EXERCISE DIRECTIONS:
Produce as output only the lines below starting at the line with "BEETHOVEN: PIANO CONCERTO" and continuing through the line with "a pink and white", each one exactly as written.

[Records drawn from a dataset]
-------------------------

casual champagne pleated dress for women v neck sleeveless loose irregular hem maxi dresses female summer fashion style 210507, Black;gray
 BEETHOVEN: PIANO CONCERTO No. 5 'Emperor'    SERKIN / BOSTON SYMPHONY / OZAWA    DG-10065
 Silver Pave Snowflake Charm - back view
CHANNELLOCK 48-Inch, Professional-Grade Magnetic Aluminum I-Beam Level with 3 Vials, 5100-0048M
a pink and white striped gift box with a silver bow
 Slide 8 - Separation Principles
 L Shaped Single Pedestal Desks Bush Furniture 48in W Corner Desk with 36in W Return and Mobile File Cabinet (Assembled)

-------------------------

FINISHED EXERCISE:
 BEETHOVEN: PIANO CONCERTO No. 5 'Emperor'    SERKIN / BOSTON SYMPHONY / OZAWA    DG-10065
 Silver Pave Snowflake Charm - back view
CHANNELLOCK 48-Inch, Professional-Grade Magnetic Aluminum I-Beam Level with 3 Vials, 5100-0048M
a pink and white striped gift box with a silver bow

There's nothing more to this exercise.